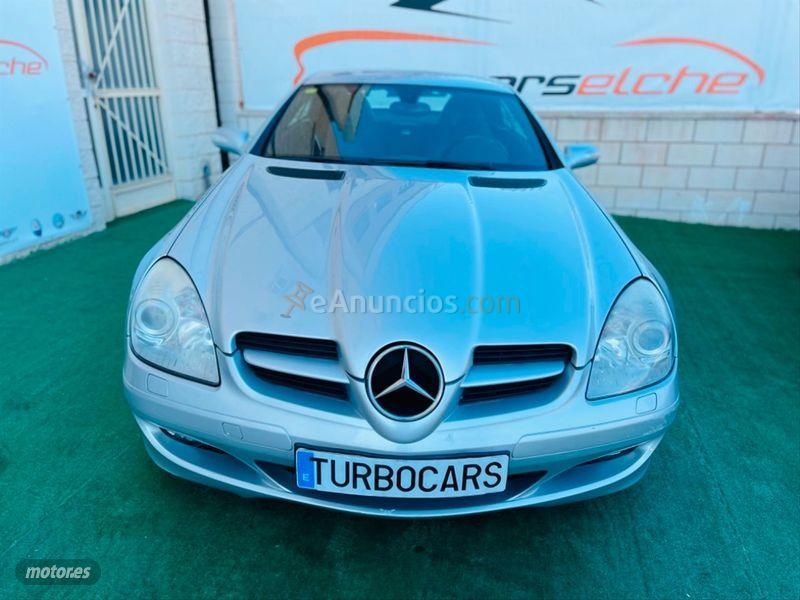 Mercedes Clase SLK SLK 200 K de 2004 con 137.000 Km por 10.900 EUR. en Alicante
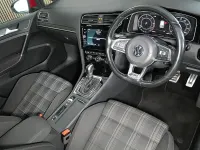 Used VW Golf VII GTD 184 HP (135 kW) 2017 Red Hatchback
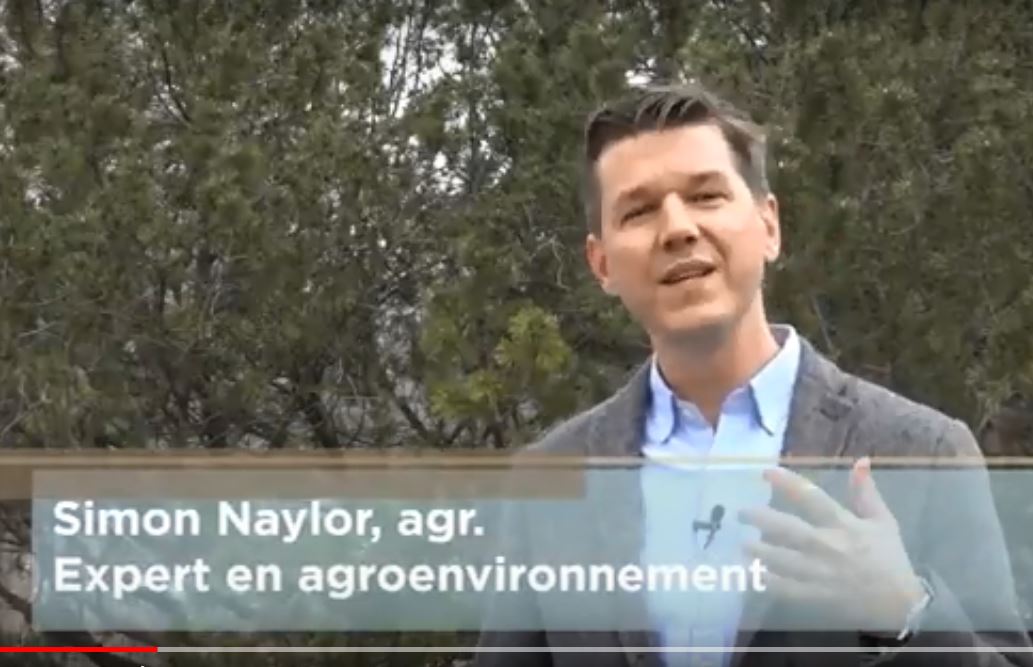 L’agronome Simon Naylor nous parle des matières résiduelles fertilisantes (MRF), une voie d’avenir en agroenvironnement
**********
A word-for-word reprint of the listing above is needed, minus the pictures.

 Mercedes Clase SLK SLK 200 K de 2004 con 137.000 Km por 10.900 EUR. en Alicante
 Used VW Golf VII GTD 184 HP (135 kW) 2017 Red Hatchback
 L’agronome Simon Naylor nous parle des matières résiduelles fertilisantes (MRF), une voie d’avenir en agroenvironnement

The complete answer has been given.